# Tankcars in "Dead Freight - Breaking Bad"



## Wolf1970 (Mar 5, 2020)

Dear railroad enthusiasts,

my name is Roland from Germering near Munich, Germany and thanks for the inclusion in your forum!

Hope, this is the right category for my post.

I want to model the train heist scene from the Breaking Bad series in H0-scale an want to stay quite close to the original. The loco I have already found out it’s a GP7u, also with the boxcars and hoppers I was mostly successful. Only at the tank cars I have problems to identify clearly their size.
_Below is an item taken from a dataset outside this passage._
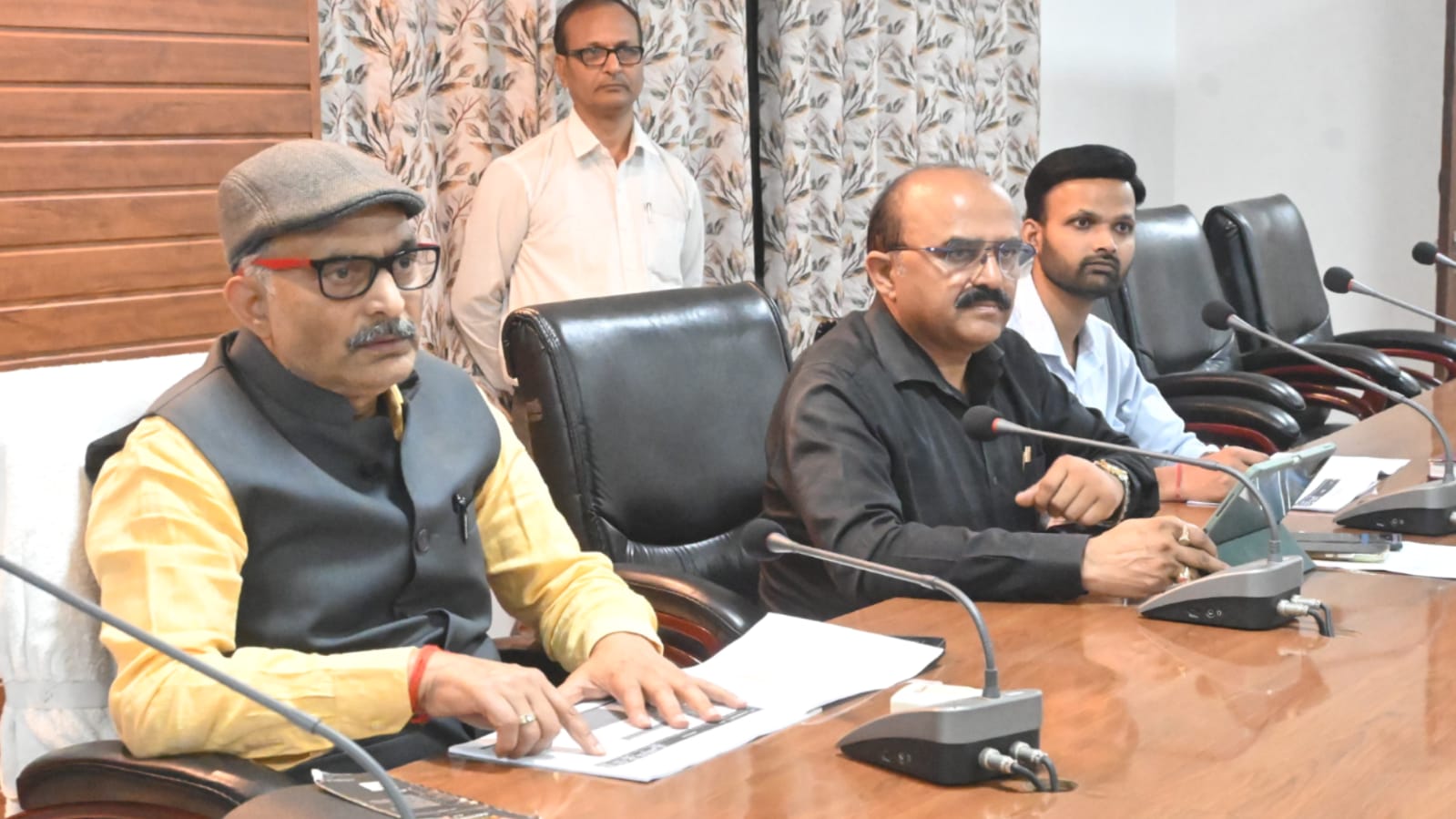 डीएम नगेन्द्र नें तरेरी आँखें : एक्सप्रेस गति से पूरा करें कार्य, अन्यथा भोगेंगे अंजाम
In the movie the robbed one is indicated as 24.000 gallons, but I can‘t find this size in real or model. I also suspect that the robbed car has an insulation, the ends of its tank are a bit different (sharper) than the ones of the other tankcars that ar fully rounded.

Good views of the cars can be seen 




Maybe some of you can help me identify the size of the tankcars?
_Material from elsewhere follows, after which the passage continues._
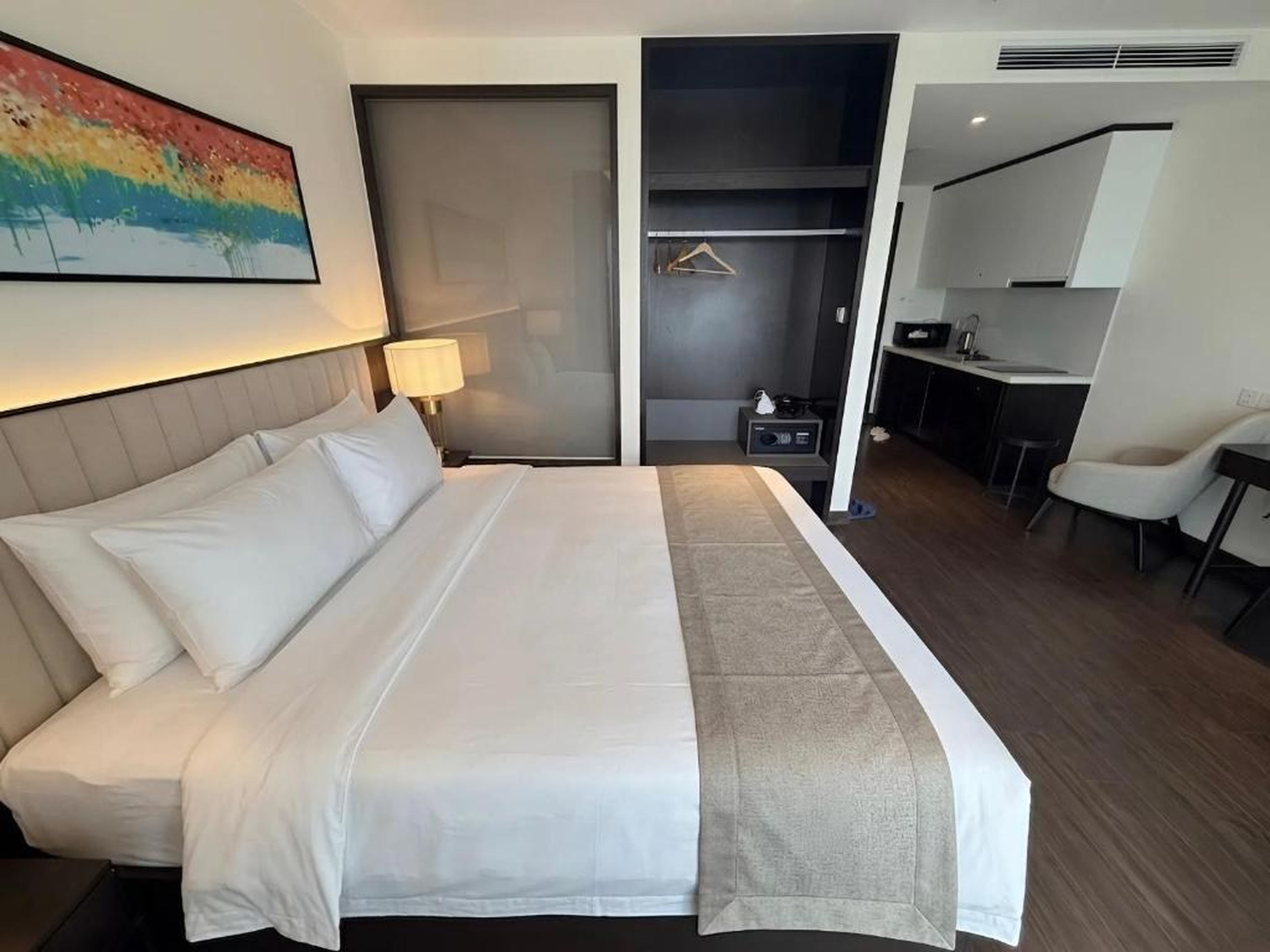 The Sapphire Ha Long - Ocean View Apartment - Pool - Hình 36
Many thanks and best regards from Bavaria,
Roland


----------



## Cousin Eddie (Jan 4, 2019)

After much research and watching the making of that episode I found a company called GATX has 24,000 gallon in real world tank cars but found none in HO scale the closest Would be one of these. One is a little under and one a little over. You can buy decals and change it to 24,000 if need be.


----------



## Wolf1970 (Mar 5, 2020)

I think the 23,500 is the one. The 25,500 are slightly bent (to ensure complete draining) and in the Film they all seem straight.

Thank you for the help!
Roland


----------



## cv_acr (Oct 28, 2011)

Yeah, that car the actor jumps off of looks to be an ACF car very similar to the Atlas model.


----------